>>>
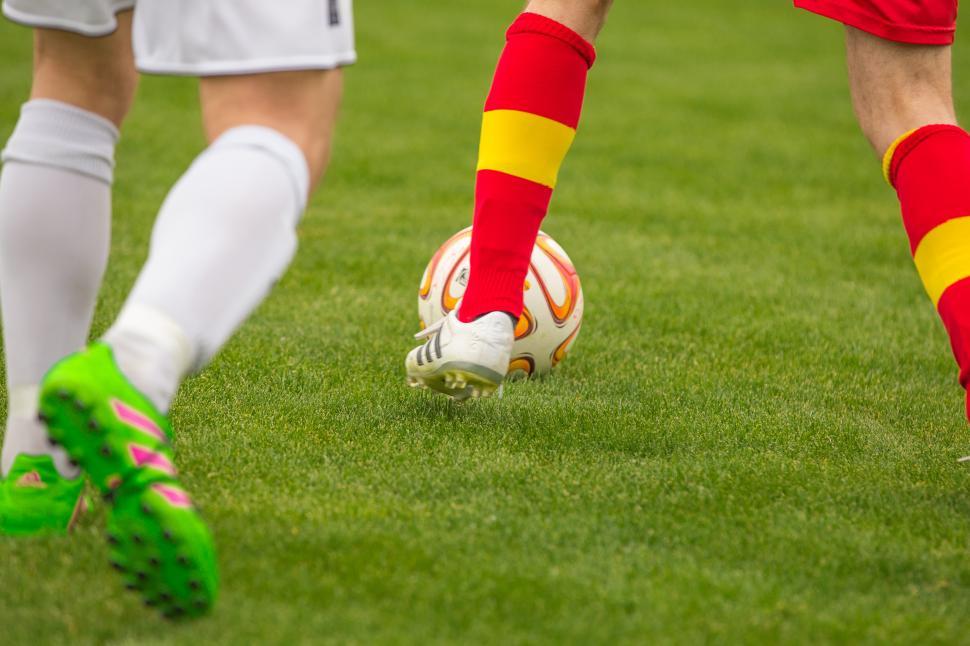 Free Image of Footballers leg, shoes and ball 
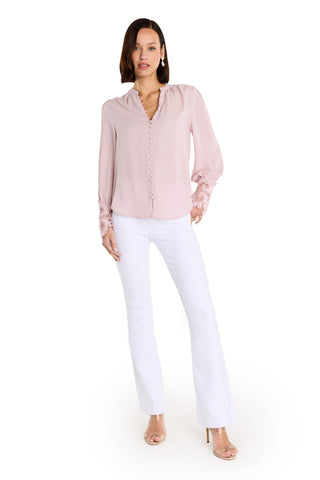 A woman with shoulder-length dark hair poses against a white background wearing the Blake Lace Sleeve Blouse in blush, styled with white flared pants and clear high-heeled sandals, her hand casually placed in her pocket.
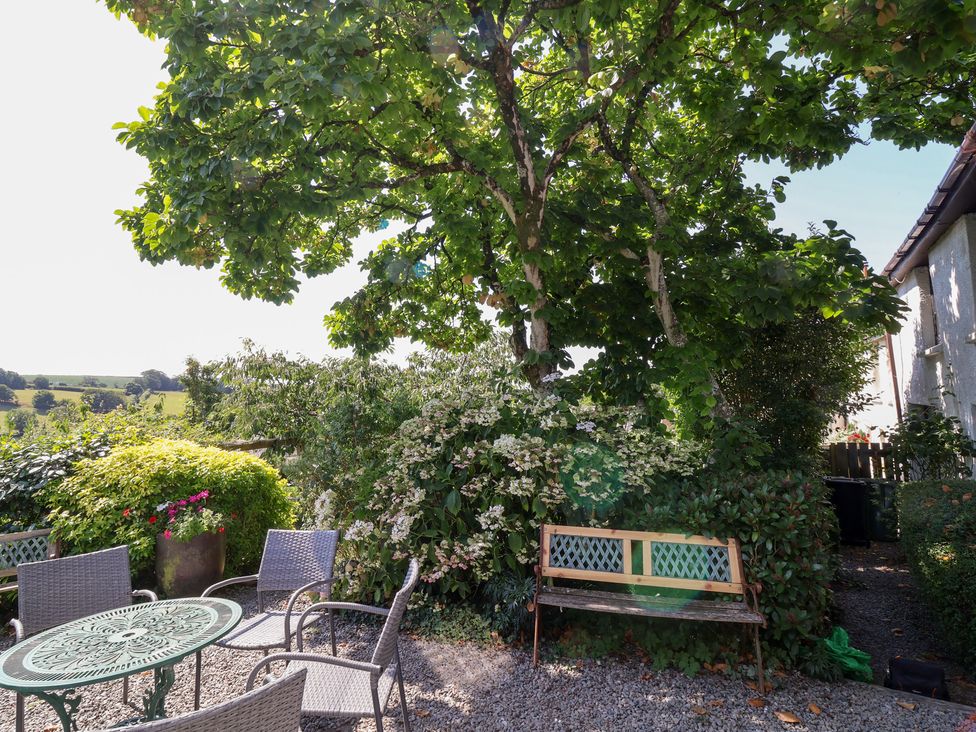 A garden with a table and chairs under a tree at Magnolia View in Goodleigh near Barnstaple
<<<
All lines from the one containing "A woman with" through the end of the data are to be restated exactly, with nothing else and without the pictures.

◆ RESULT FOR THIS EXERCISE
 A woman with shoulder-length dark hair poses against a white background wearing the Blake Lace Sleeve Blouse in blush, styled with white flared pants and clear high-heeled sandals, her hand casually placed in her pocket.
 A garden with a table and chairs under a tree at Magnolia View in Goodleigh near Barnstaple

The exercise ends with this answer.